▶ [Instructions to follow]
Omitting all images, transcribe the listing word for word.
The data Start Marker
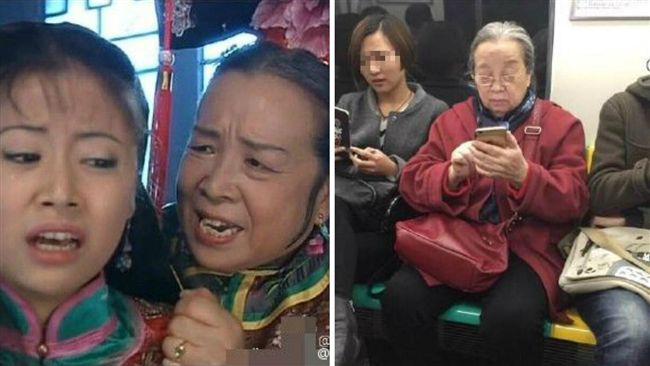 不拿針！容嬷嬷搭地鐵滑iPhone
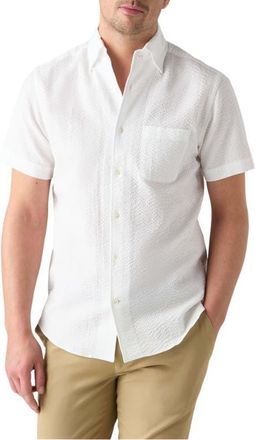 Robert Talbott Morgan Paisley Jacquard Seersucker Short Sleeve Shirt in White at Nordstrom, Size Xx-Large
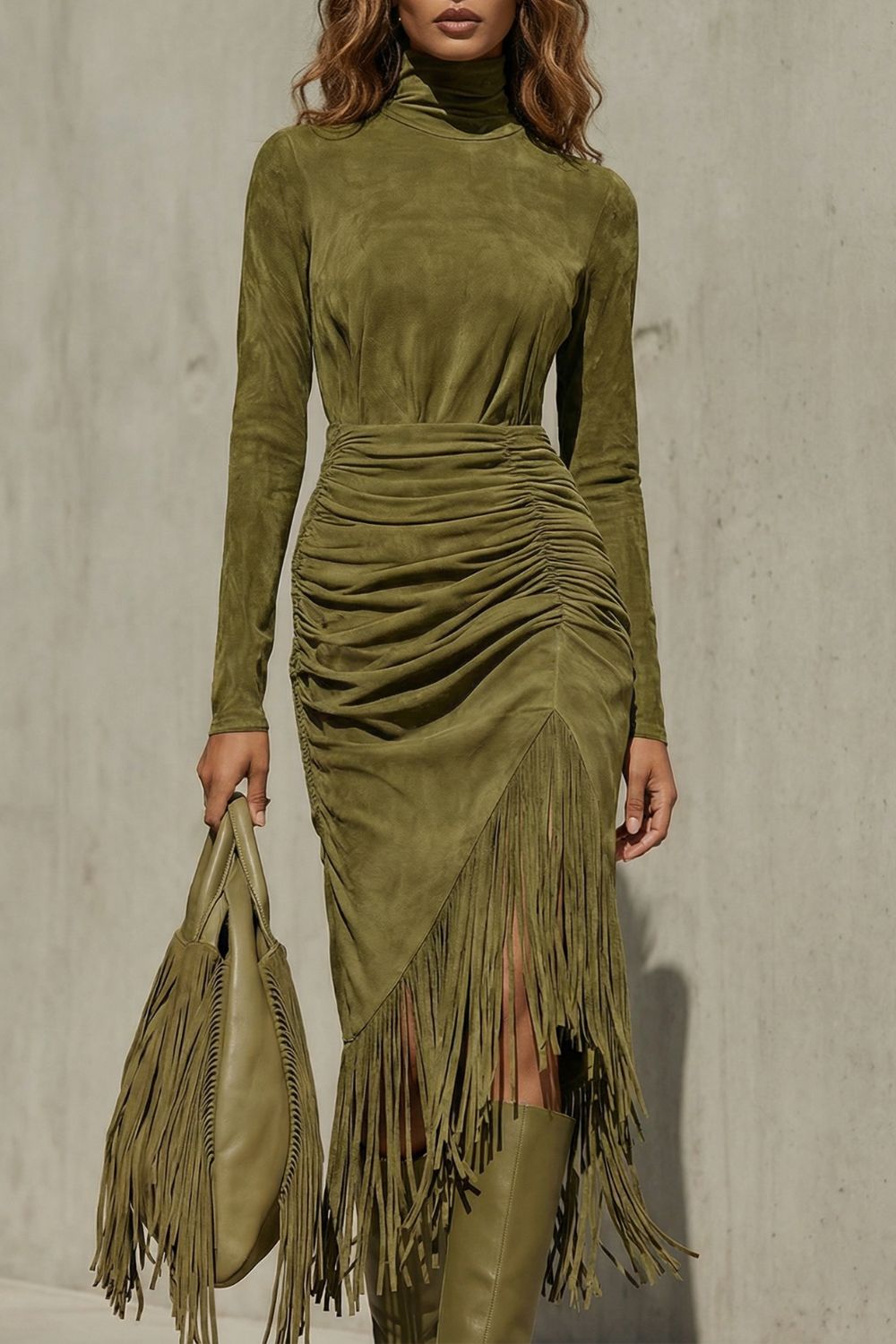 Soléna – Abito Midi con Dettaglio di Orlo Ruffle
The data End Marker
▶ [Solution below]
 不拿針！容嬷嬷搭地鐵滑iPhone
 Robert Talbott Morgan Paisley Jacquard Seersucker Short Sleeve Shirt in White at Nordstrom, Size Xx-Large
 Soléna – Abito Midi con Dettaglio di Orlo Ruffle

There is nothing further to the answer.